[[ Record excerpts open ]]

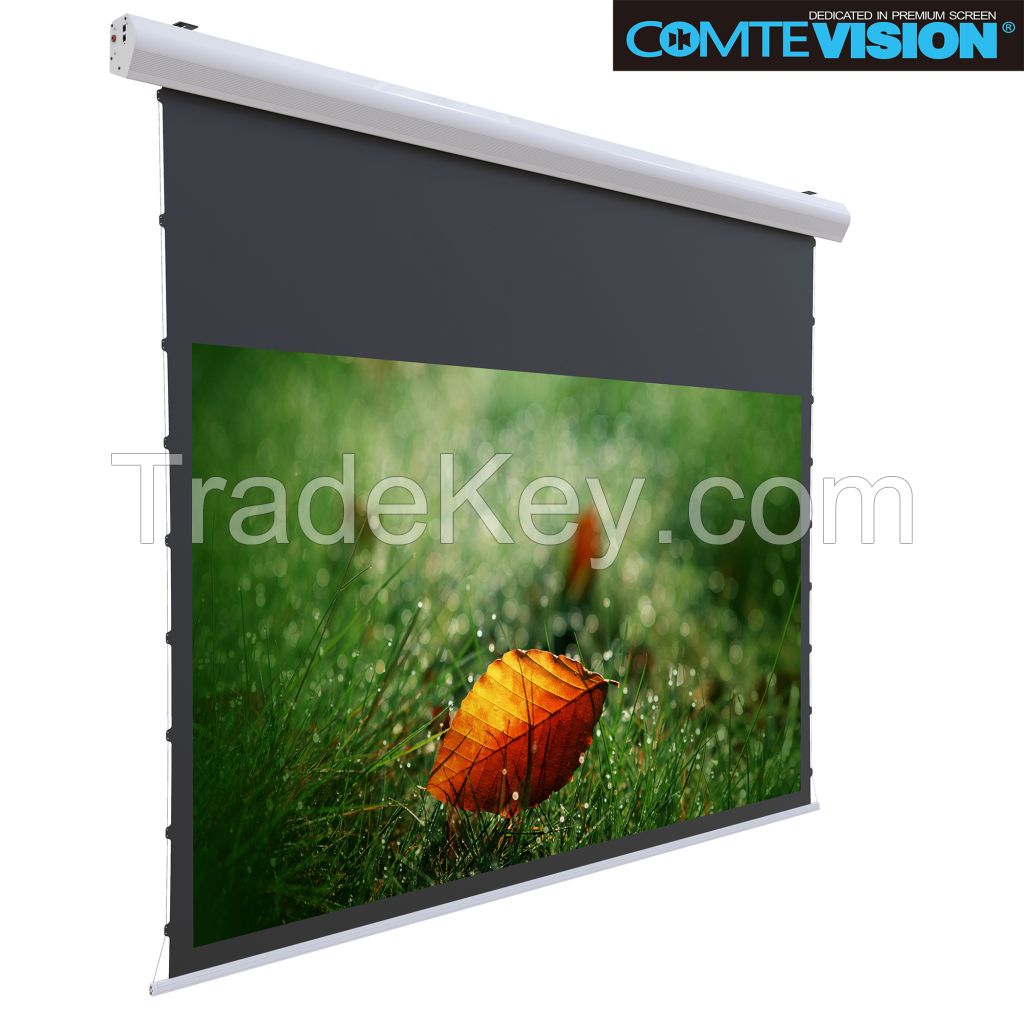 Top Quality Tab Tensioned Projection  Screen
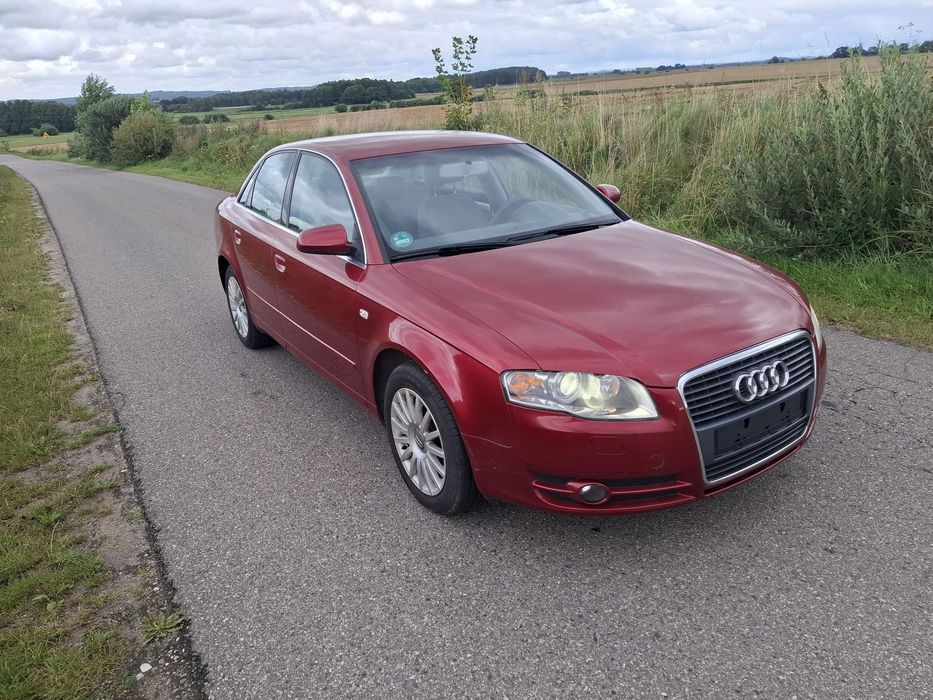 Audi A4 Limousine Audi A4 2005r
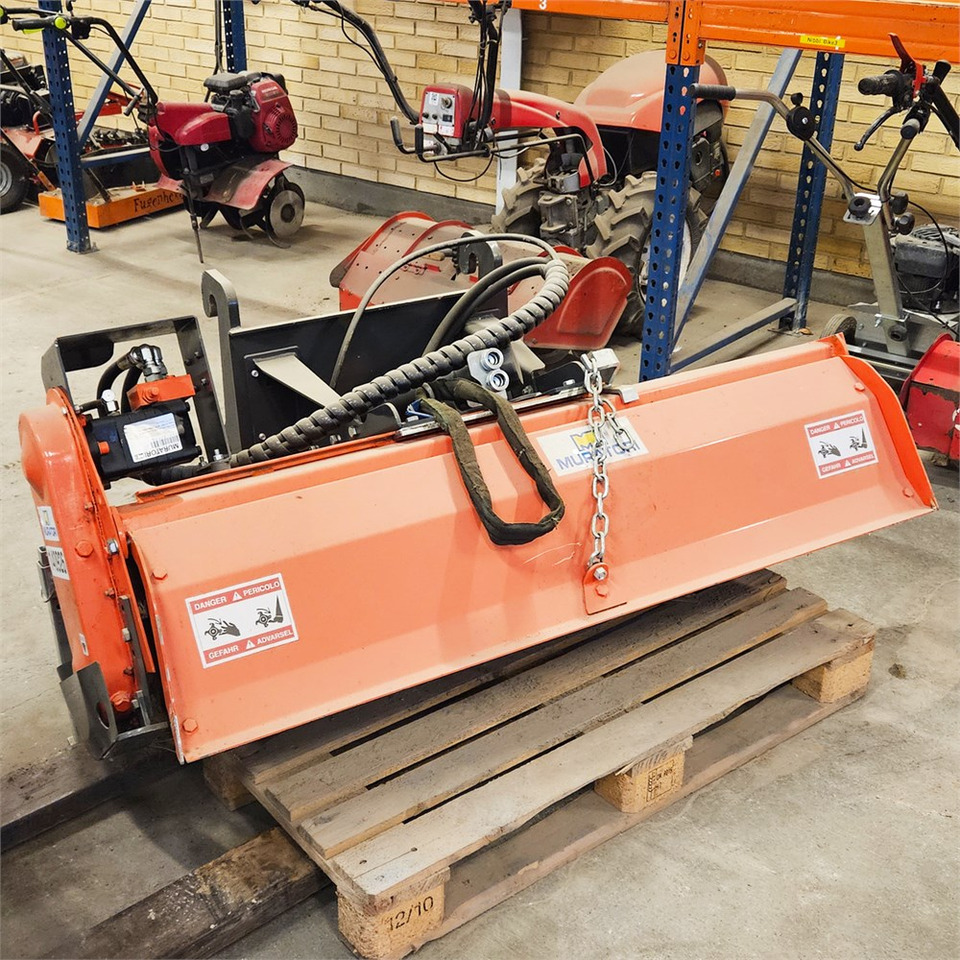 Muratori MZ4S 145 - Rotavator: photos 1 Muratori MZ4S 145 - Rotavator: photos 1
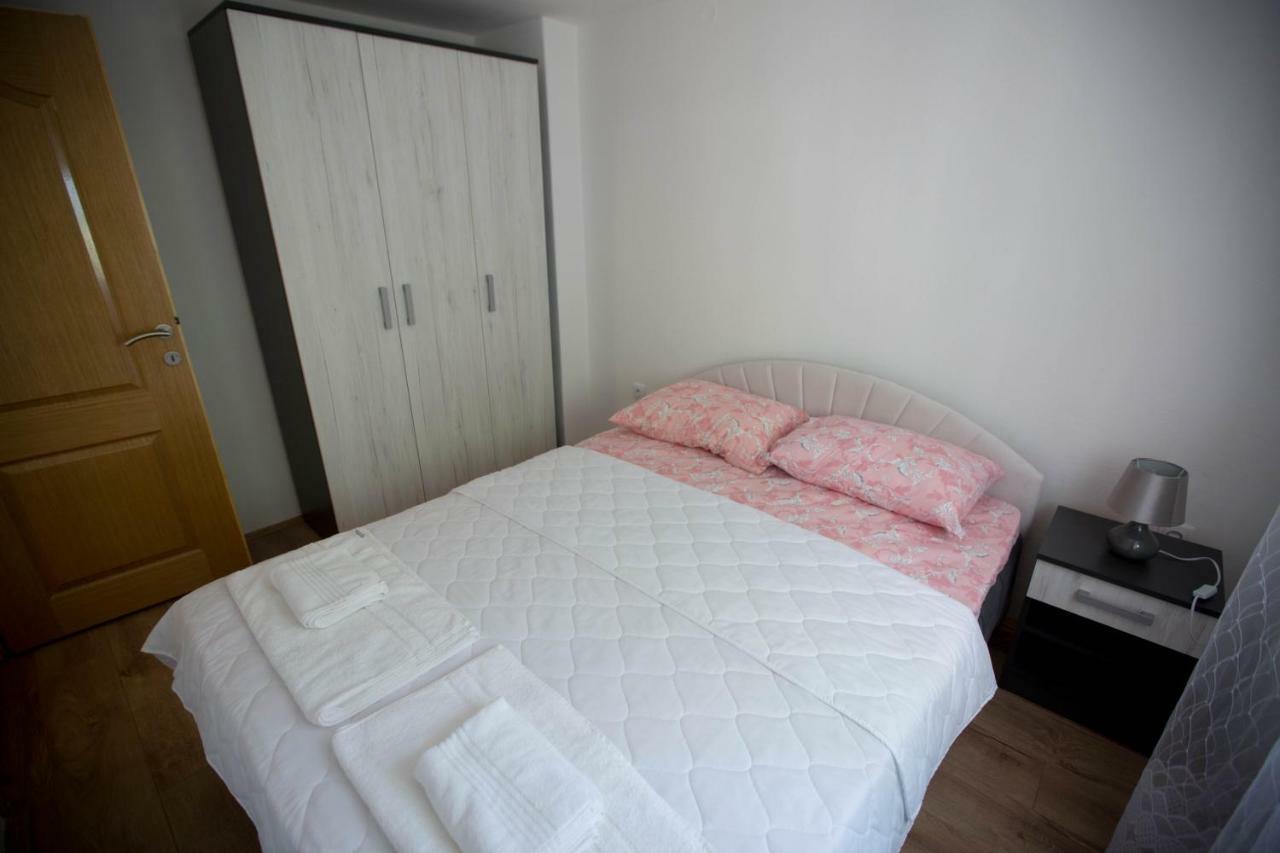 Apartman Milos Trebinje Bagian luar foto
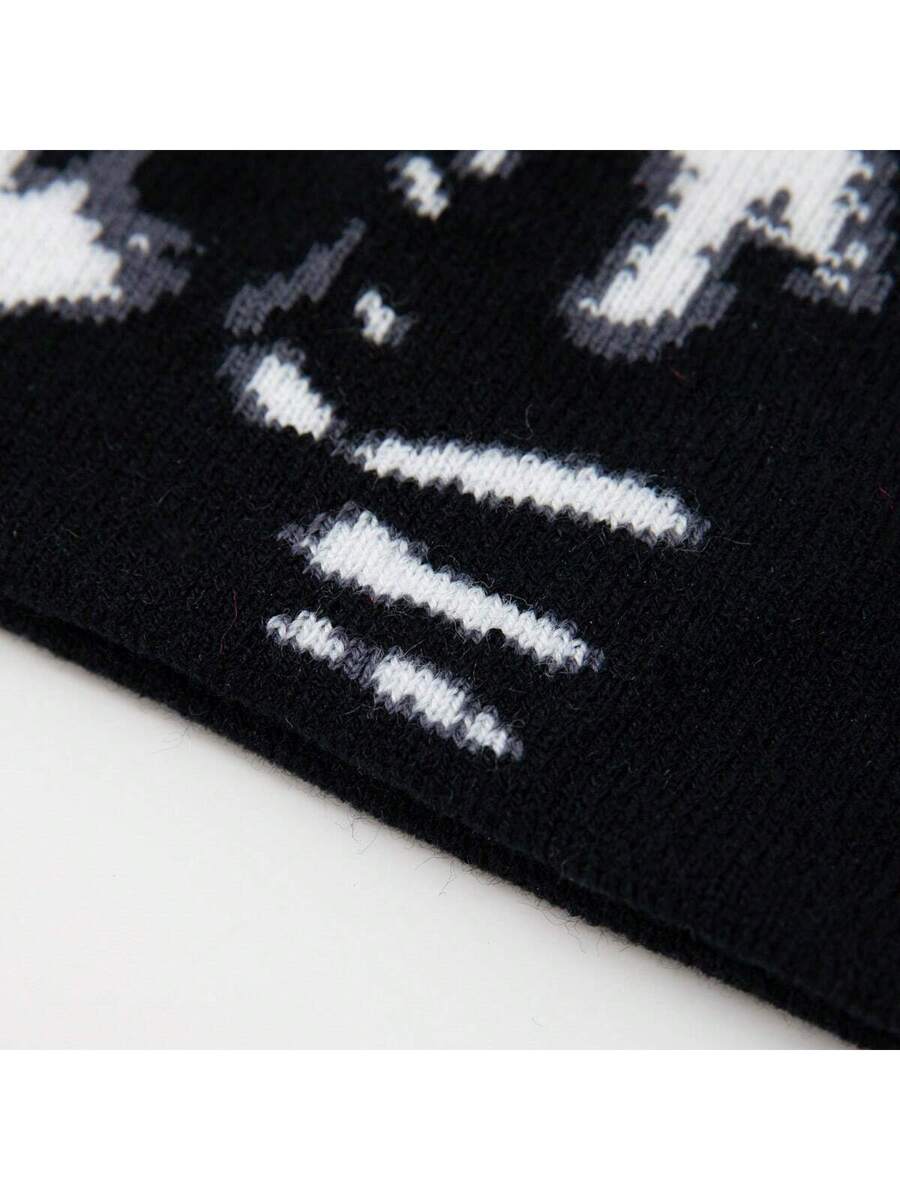 Gorro Pavtros Jacquard Alma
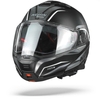 Nolan N100-5 Balteus 41 Casque Modulable Noir Blanc Mat M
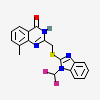 an image of a chemical structure CID 137301565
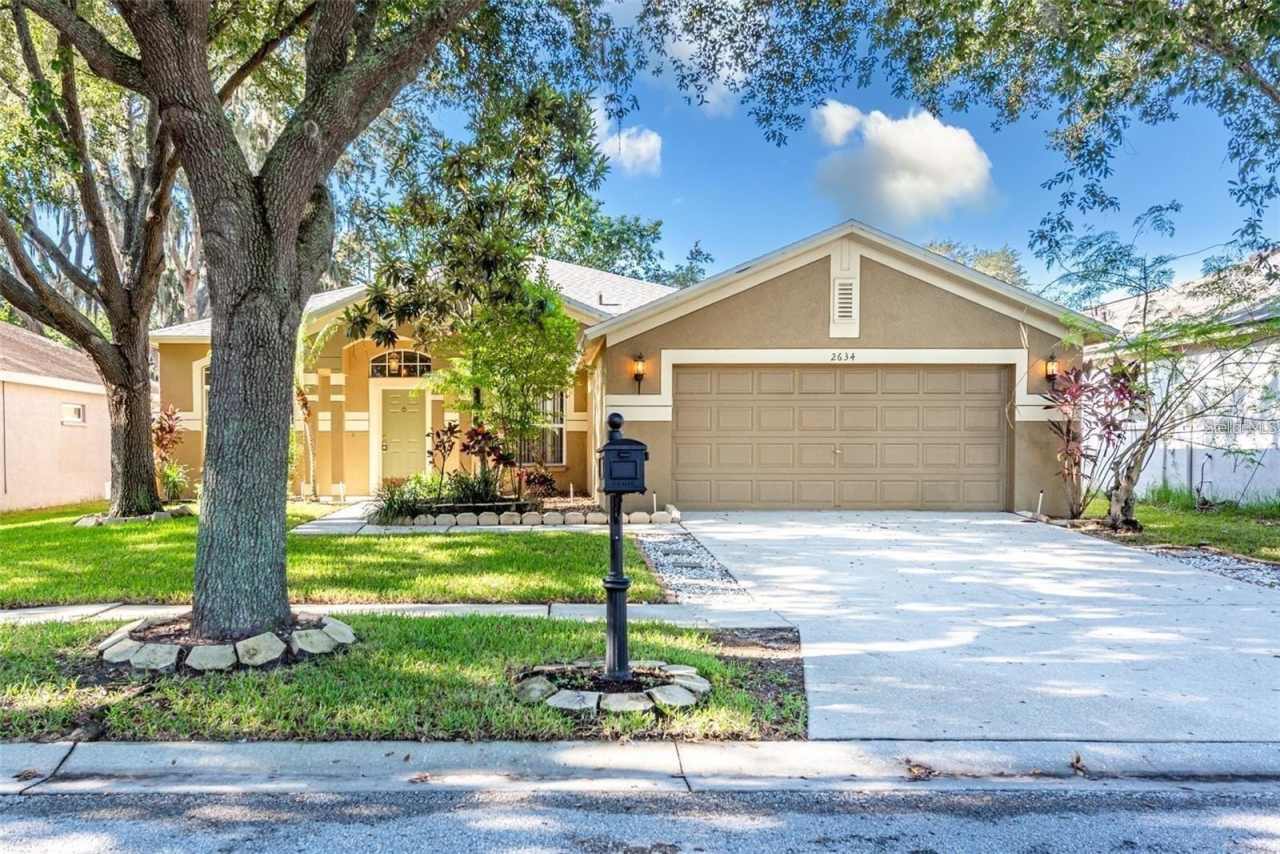 2634 BROOKVILLE DRIVE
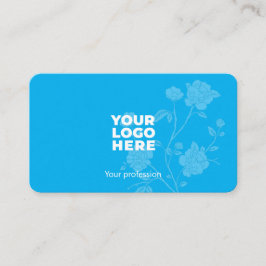 Professioneel Visitekaartje voor ondernemers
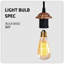Bussell 1 - Light Single Pendant-1016527679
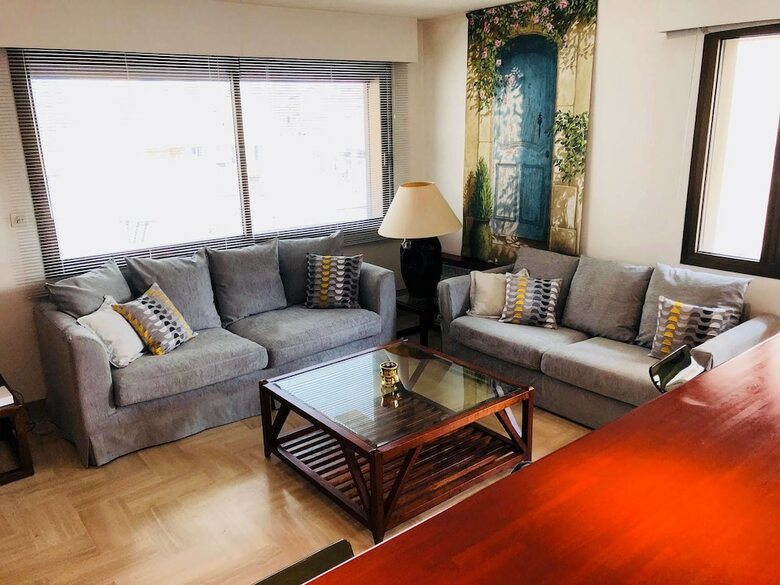 Gray D'albion Apartment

[[ Record excerpts closed ]]

• [Task directions]: Set down the entries again without change. Leave the pictures out.

• [Task output]:
 Top Quality Tab Tensioned Projection  Screen
 Audi A4 Limousine Audi A4 2005r
 Muratori MZ4S 145 - Rotavator: photos 1 Muratori MZ4S 145 - Rotavator: photos 1
 Apartman Milos Trebinje Bagian luar foto
 Gorro Pavtros Jacquard Alma
 Nolan N100-5 Balteus 41 Casque Modulable Noir Blanc Mat M
 an image of a chemical structure CID 137301565
 2634 BROOKVILLE DRIVE
 Professioneel Visitekaartje voor ondernemers
Bussell 1 - Light Single Pendant-1016527679
 Gray D'albion Apartment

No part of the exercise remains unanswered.